My sister has no problem with cold soup. One of her favorite Korean dishes is Naengmyeon, a cold noodle soup originally from North Korea, but with a large presence in the South. On our recent trip to Seoul, she was insistent that we get some.
I found this place off of Daniel Gray’s Discovering Korea and it was a huge hit. We went after a long tour at Gyeongbukgong Palace. The restaurant was across from the palace wall, but a bit hard to find considering how long the palace wall is. I asked three different policemen to point us in the right direction. Each time, they knew exactly where I was talking about.

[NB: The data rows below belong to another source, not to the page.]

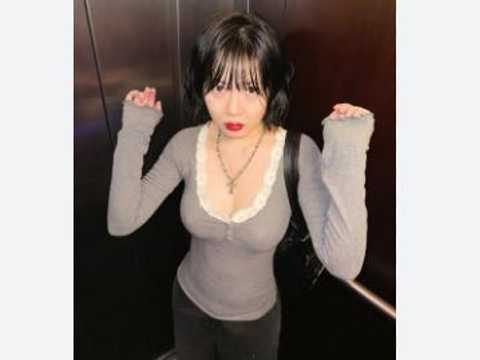 Search image article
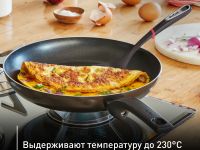 Набор аксессуаров для готовки Tefal Ingenio K206S414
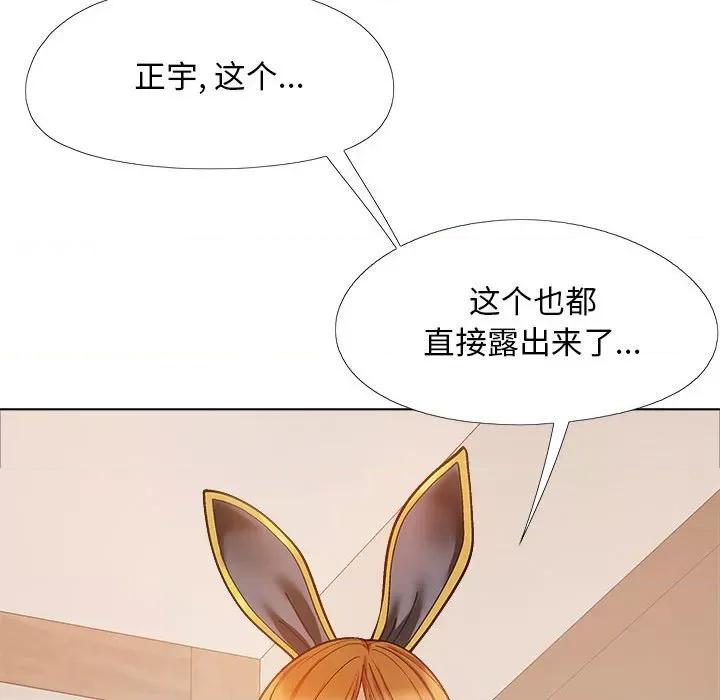恋爱信仰 恋爱信条第 34 话 第98页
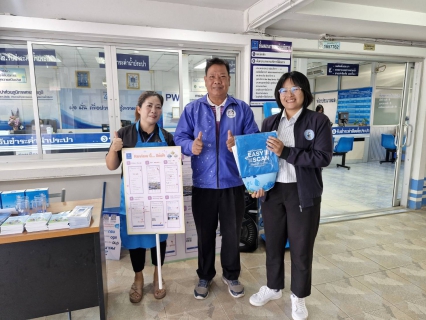 ไฟล์แนบ กปภ.ข.6 ร่วมกับ กปภ.สาขาชัยภูมิ จัดกิจกรรม Review นี้ ดีต่อใจ ยกระดับการให้บริการ GECC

I took this to be a good sign. My sister and her friend Cleaves were both impressed by my find. The restaurant was extremely authentic and the Naengmyeon was the best I’ve ever had. This Naengmyeon has made me a cold soup convert.
To give you a sense for the authenticity, we walked in to find a small room filled with six tables of Koreans. A pile of shoes greets you at the front door. When we walked in the door, every person in the room stared at us.
This Naengmyeon was exactly the right temperature. Cold, but not cold enough to give you a brain freeze. To provide the right temperature, the soup has large chunks of ice in it. The buckwheat Naengmyeon noodles are not apparent in this photo (they are underneath the broth), but were deliciously light. The broth was extremely flavorful.